Instructions for the task
The pictures are to be omitted when the entries are reproduced exactly.

[[ Data to process open ]]

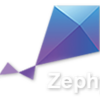 Zephyr RTOS と自動テストで捗るファームウェア開発の話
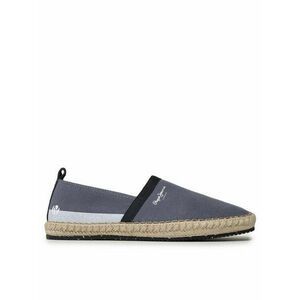 Espadrilles Pepe Jeans kép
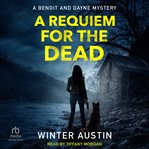 A Requiem for the Dead cover image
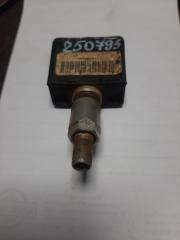 Датчик давления в шинах SUZUKI GRAND VITARA 05-15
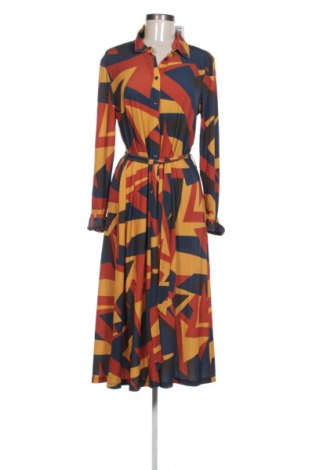 Šaty  Aniston, Veľkosť M, Farba Viacfarebná, Cena  29,95 €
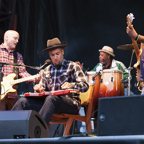 Ben Harper Boston Calling Concert Photo 1.jpg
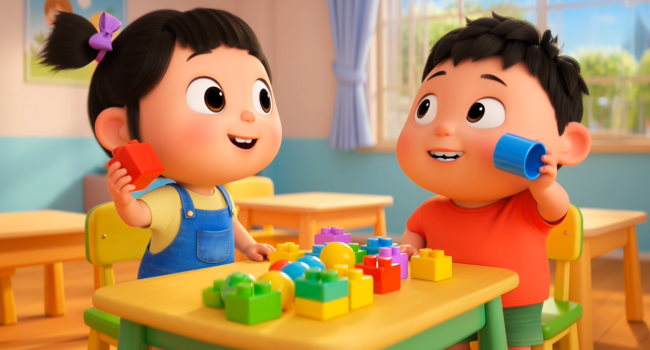 Mi thuat 2 Chu de 5 1*931732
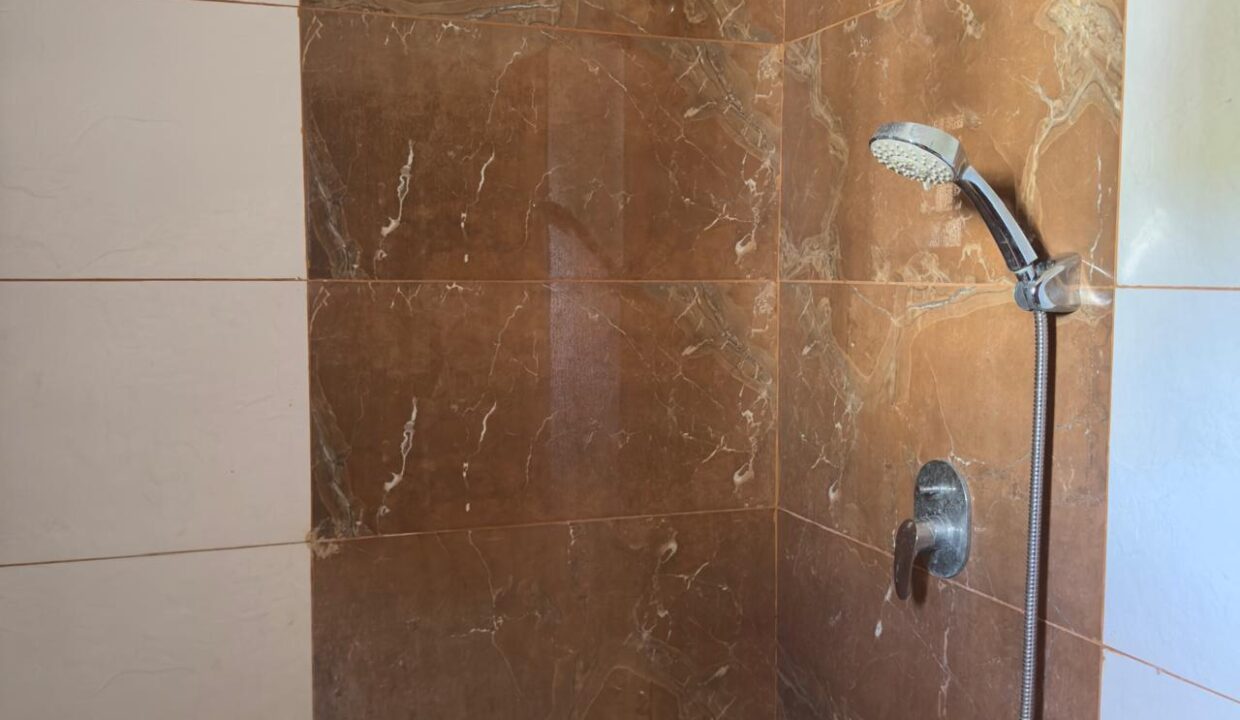 WhatsApp Image 2025-03-21 at 17.08.46 (1)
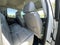 2017 Chevrolet Silverado 2500Hd Work Truck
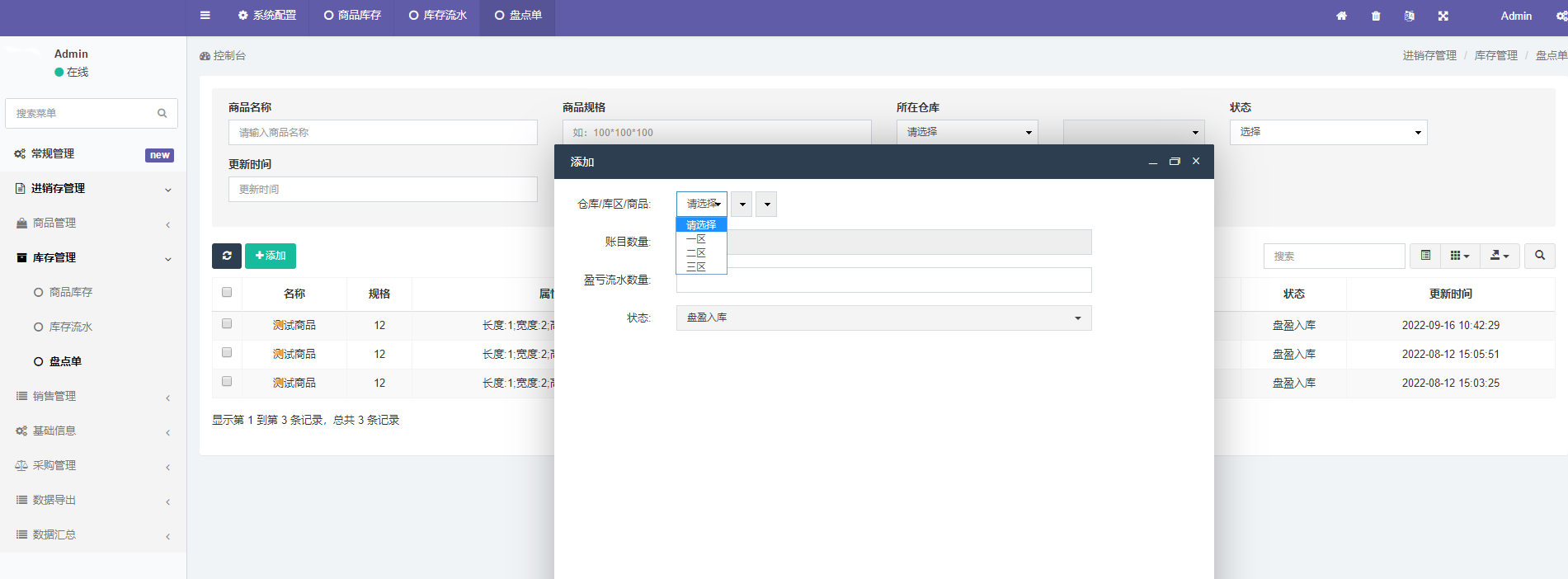 95b06d2fac884bfb82bc34ed5af7d332noop.image_ 95b06d2fac884bfb82bc34ed5af7d332noop.image_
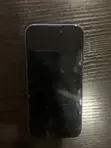 Apple iPhone 16 128GB Blue - 3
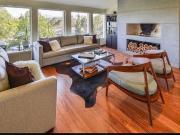 VENTA DE CASA EN CONDOMINIO EN LOMAS DE SANTA FE CUARTO...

[[ Data to process closed ]]

Finished task
 Zephyr RTOS と自動テストで捗るファームウェア開発の話
 Espadrilles Pepe Jeans kép
 A Requiem for the Dead cover image
 Датчик давления в шинах SUZUKI GRAND VITARA 05-15
 Šaty  Aniston, Veľkosť M, Farba Viacfarebná, Cena  29,95 €
 Ben Harper Boston Calling Concert Photo 1.jpg
 Mi thuat 2 Chu de 5 1*931732
 WhatsApp Image 2025-03-21 at 17.08.46 (1)
 2017 Chevrolet Silverado 2500Hd Work Truck
 95b06d2fac884bfb82bc34ed5af7d332noop.image_ 95b06d2fac884bfb82bc34ed5af7d332noop.image_
 Apple iPhone 16 128GB Blue - 3
 VENTA DE CASA EN CONDOMINIO EN LOMAS DE SANTA FE CUARTO...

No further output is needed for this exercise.